■ PROBLEM DESCRIPTION ■
Everything in the listing must be repeated exactly, apart from the images.

■ GIVEN INFORMATION ■
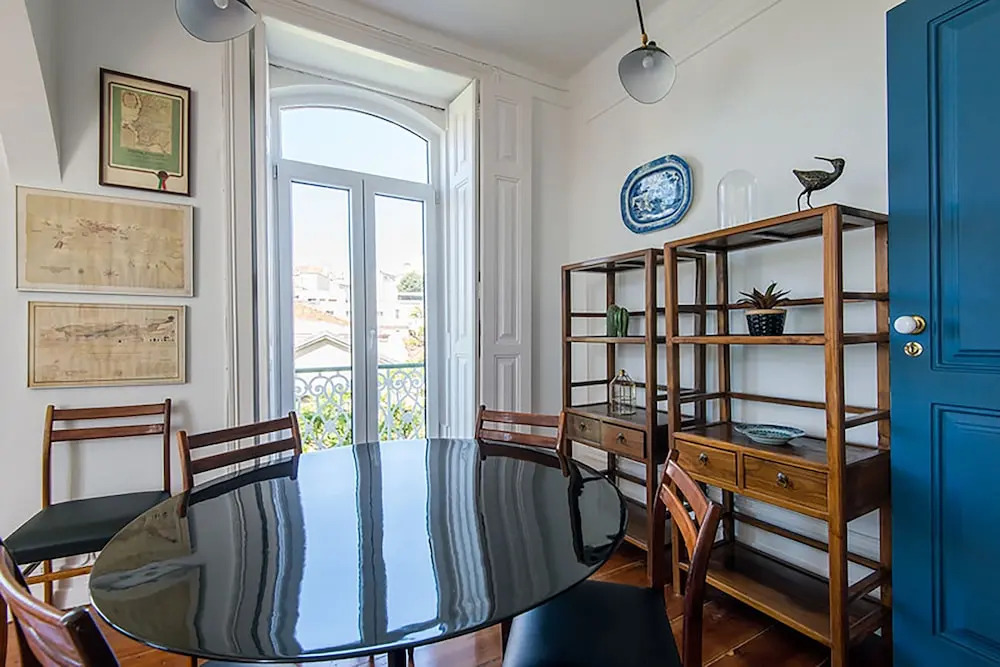 Renovated Charming Apartment with view in Santos
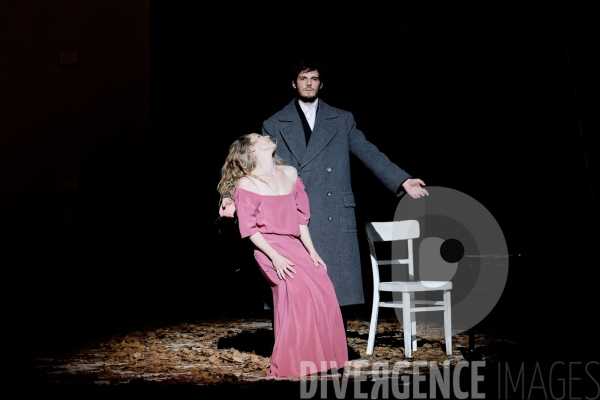 Barbe Bleue / Pina Bausch / Ballet de l Opéra national de paris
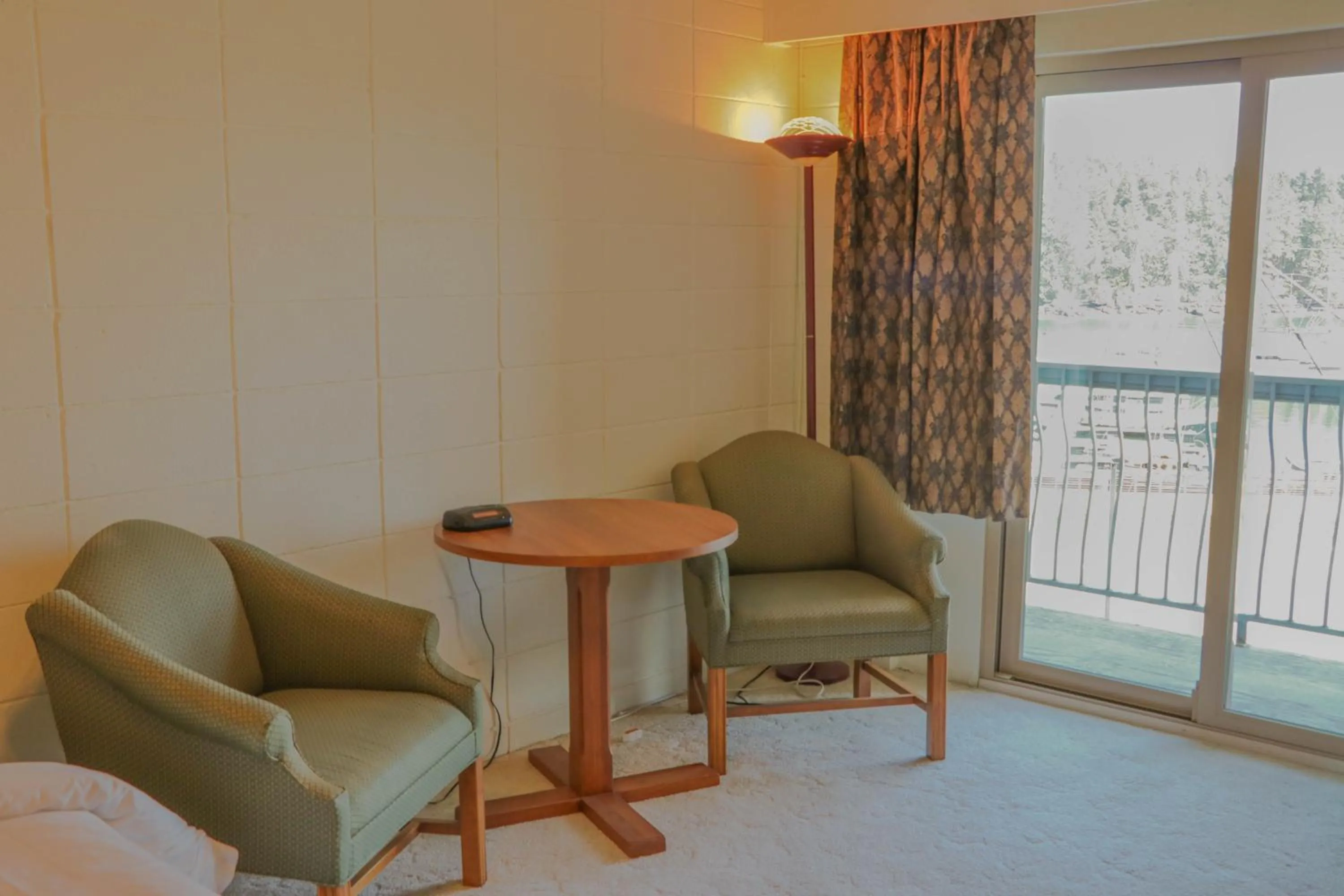 Seating area in The Waterfront Suites and Marina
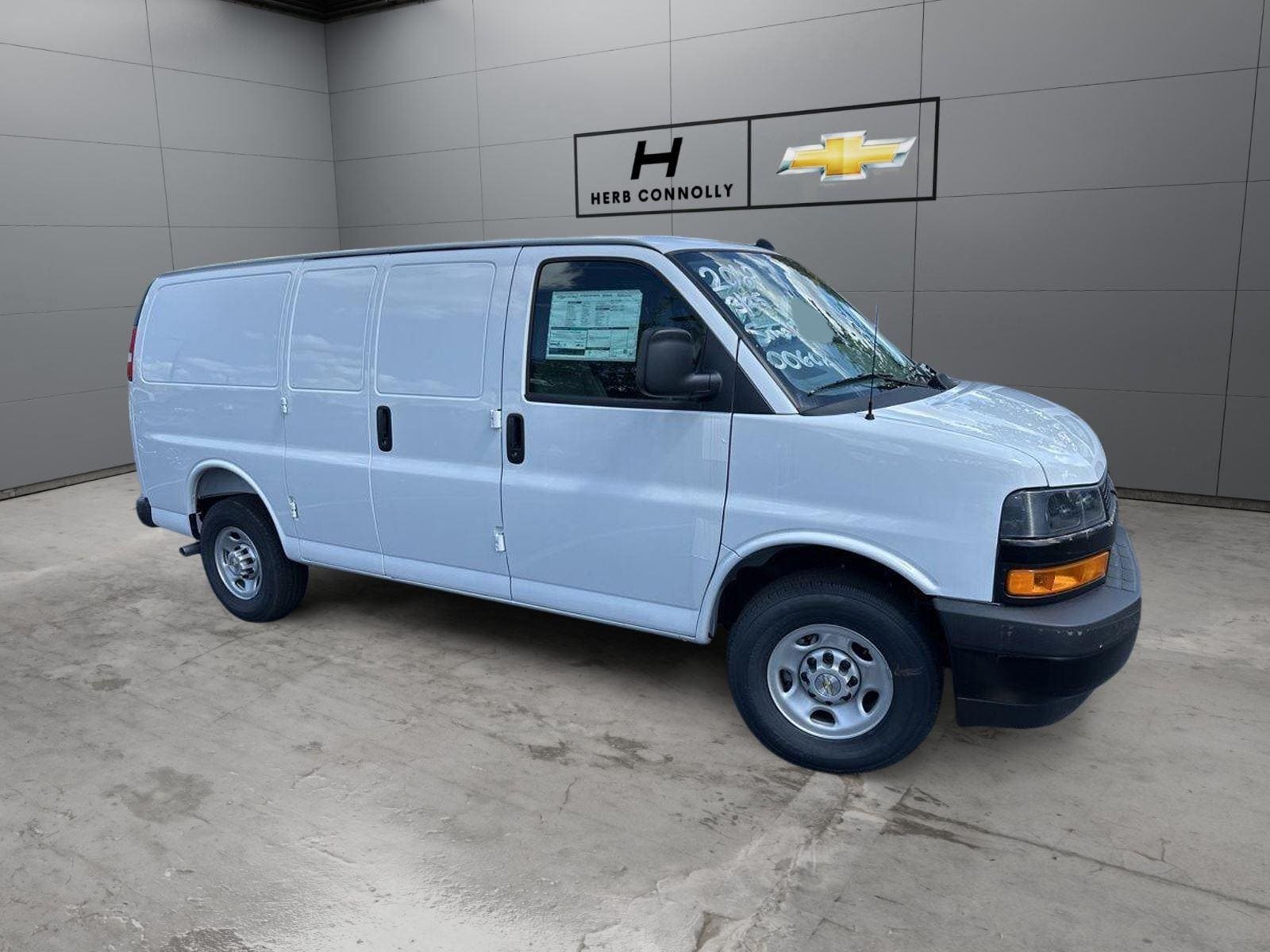2025 Chevrolet Express 2500 Work Van HD's photo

■ EXERCISE OUTPUT ■
 Renovated Charming Apartment with view in Santos
 Barbe Bleue / Pina Bausch / Ballet de l Opéra national de paris
 Seating area in The Waterfront Suites and Marina
2025 Chevrolet Express 2500 Work Van HD's photo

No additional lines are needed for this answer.